The routine monthly meeting of the UN-backed International Working Group on Ivory Coast was warned to remain vigilant inspite of the "impressive" steps achieved in recent weeks.
The warring parties have started withdrawing their troops in preparation for disarmament of the armed groups in the country, while government has undertaken a trial voter identification census.
Rodolphe Adada, foreign minister of the Congo Republic, co-chairing the talks, said that while noting an impressive "breakthrough" in the process the international peace monitors needed to remain "vigilant."
"Significant progress has been achieved" in the shaky peace process, but there still remains a lot to do ahead of the elections to be held by October 31, said Adada.
"We therefore exhort the political players ...to commit themselves fully in order to overcome all obstacles likely to slow down the peace process, and to speed up to the elections," said Adada in remarks at the opening of the talks.
Adada warned the power brokers to remain "firm and vigilant" and to take care that achievements obtained so far are "strictly" preserved.
The government announced on June 16 that its troops had all withdrawn from the front line into assembly points while the rebel New Forces promised to be finished within two weeks.
Actual disarming and disbanding of some 12,000 hardline pro-government militias, supposed to have started on June 8, has so far been cancelled twice due to logistical problems according to their commanders.
At its last meeting in May the working group had expressed "profound concern" about reported delays to carrying out the peace road map and called on the UN to impose sanctions on individuals seen to be frustrating the peace process.
Disarming of fighters and identifying who is truly Ivorian are crucial stages towards the elections to be held in theory by October 31, under a UN plan.
While some 11,000 international peacekeepers hold the line between the government forces controlling the south and rebels holding the north, disarmament is seen as critical to avoid fresh hostilities and help reunite the nation of 16 million.
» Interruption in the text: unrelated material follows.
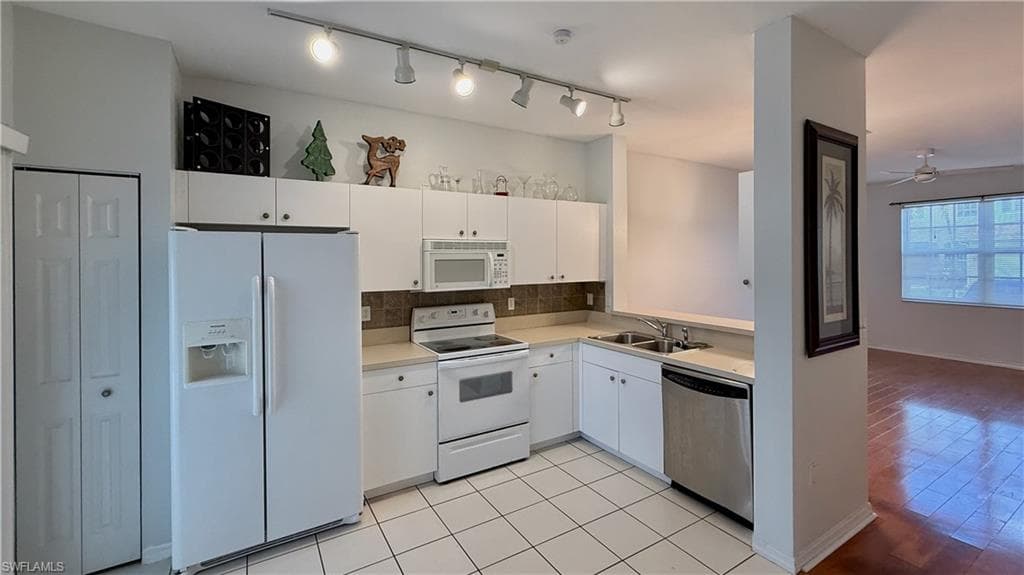 3620 Pine Oak CIR # 105, FORT MYERS FL 33916-3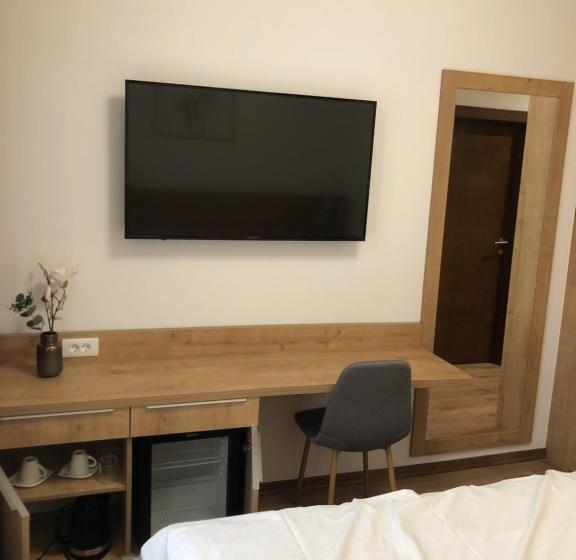 اتاق لوکس با تخت بزرگ, Vila Alexandra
In all there are about 69,500 armed forces in Ivory Coast -- among them some 42,500 New Forces rebels, 5,000 regular army troops and 12,000 militia members.
After elections due last October failed to take place, the working group was set up to steer the battered country to new polls within a year, with Prime Minister Charles Konan Banny in charge of a transitional government.
Banny said Thursday that a fully-fledged census would start soon and take place at the time as disarmament. He did not specify the date the exercises would begin.
Ivory Coast, once west Africa's economic powerhouse and a hub of political stability, descended into civil conflict in 2002 after a failed coup against President Laurent Gbagbo.